India is preparing to revamp its pharmaceutical licensing system amid growing scrutiny over drug safety lapses. Mint has learnt that the government is working on a separate wholesale licensing framework for bulk drugs, active pharmaceutical ingredients (APIs) and key starting materials (KSMs), aimed at improving oversight and traceability across the supply chain.
Three government officials familiar with the matter told Mint that a draft notification is being prepared to introduce a distinct licensing regime for raw pharmaceutical materials. The move would dismantle the existing system under which bulk drugs and finished formulations operate under a common licence. Officials said this would allow the Drugs Controller General of India (DCGI) to create a long-missing registry of nearly 1.2 million bulk drug traders, significantly strengthening accountability in the sector.
Mint reports that concerns around transparency in the raw material supply chain intensified after incidents involving cough syrups contaminated with diethylene glycol, which triggered serious safety alarms. One of the officials said closer monitoring of high-risk solvents, including propylene glycol used in formulations, has become urgent.

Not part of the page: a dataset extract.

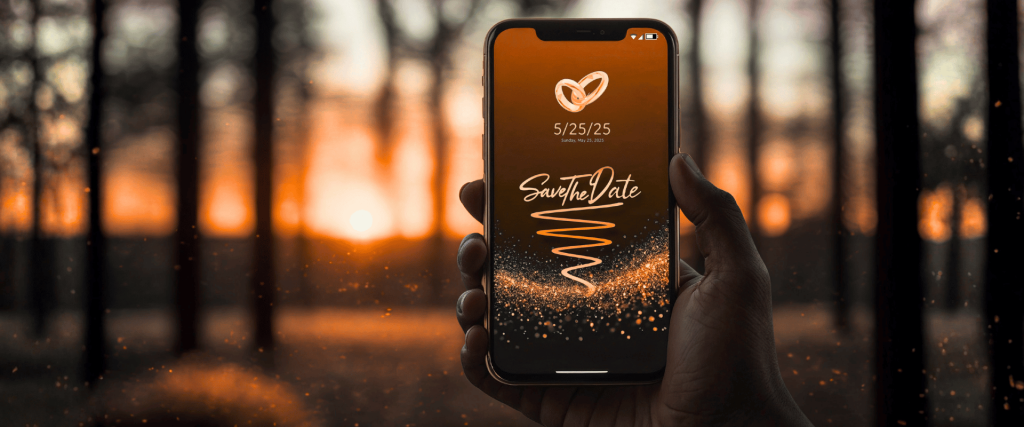 digital invitation for Save the Dates for Modern Weddings at sunset.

The proposed overhaul seeks to establish a comprehensive database of bulk drug dealers, improve traceability of imported raw materials and enable regulators to quickly identify suppliers of substandard inputs. Mint notes that more than 70% of India’s bulk drug imports originate from China. The domestic pharmaceutical market is valued at about 50 billion dollars, while the APIs, bulk drugs and advanced intermediates segment alone was worth roughly 3.5 billion dollars in FY25.